DXL Step-by-Step:#25)サンプルコード(段落と文字の装飾③)

DXL 活用の調査・検証で、実現できたことや発見したことご紹介する『DXL Step-by-Step』シリーズの第 25 回です。「段落と文字の装飾」のサンプルプログラム紹介の最終回です。


文字サイズの指定

前回は文字の色を指定する例を示しました。今回は、色に加えてサイズも指定するパターンです。また、色の設定は定義済みの文字列を使わず、色番号で指定します。

フォントサイズは 18、13、8 と 5 刻みで小さくし、色はサイズに 8 をかけ 16 進数に変換し RGB に指定しています。8 では '#404040'、13 では '#686868' とフォントが大きいほど薄いグレーになるようにしてみました。

色とサイズの設定は、属性を 2 つセットするだけなので、難しいことはありませんね。
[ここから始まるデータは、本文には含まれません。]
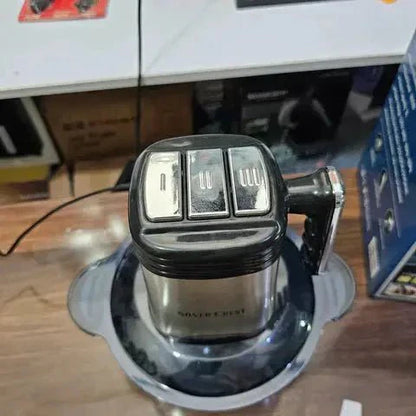 Silver Crest 5L Food Chopper | Meat & Vegtable Chopper - Galaxiee.com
Function xSetDXL_par2_Size(vddn As NotesDOMDocumentNode, vdenRT As NotesDOMElementNode)
   Dim denPar As NotesDOMElementNode
   Dim denRun As NotesDOMElementNode
   Dim den As NotesDOMElementNode
   Dim dtn As NotesDOMTextNode

   Dim sTmp As String
   Dim i As Integer

   '段落の作成
   Set den = vddn.CreateElementNode("par")
   Call den.SetAttribute("def", "2")
   Set denPar = vdenRT.AppendChild(den)

   For i = 18 To 8 Step -5
      Set den = vddn.CreateElementNode("run")
      Set denRundenPar.AppendChild(den)

      '文字装飾の準備
      Set den = vddn.CreateElementNode("font")

      '色の指定
      sTmp = Hex$(i*8) & Hex$(i*8) & Hex$(i*8)
      Call den.SetAttribute("color", "#" & sTmp)
      'サイズの指定
      sTmp = CStr(i) & "pt"
      Call den.SetAttribute("size", sTmp)

      '文字装飾の追加
      Call denRun.AppendChild(den)

      'プレーンテキスト(テキストノード)追加
      Set dtn = vddn.CreateTextNode("文字サイズ " & sTmp)
      Call denRun.AppendChild(dtn)

      '段落内改行の追加
      Set den = vddn.CreateElementNode("break")
      Call denPar.AppendChild(den)
   Next
End Function

この関数で作成される DXL は次の部分となります。


パーマネントペンの指定

最後のサブ関数は、パーマネントペンの設定です。

パーマネントペンは font ノードではなく、run ノードの属性でした。サンプルコード上で青字で表示している run ノードに対して属性 highlight を設定している点に注意が必要です。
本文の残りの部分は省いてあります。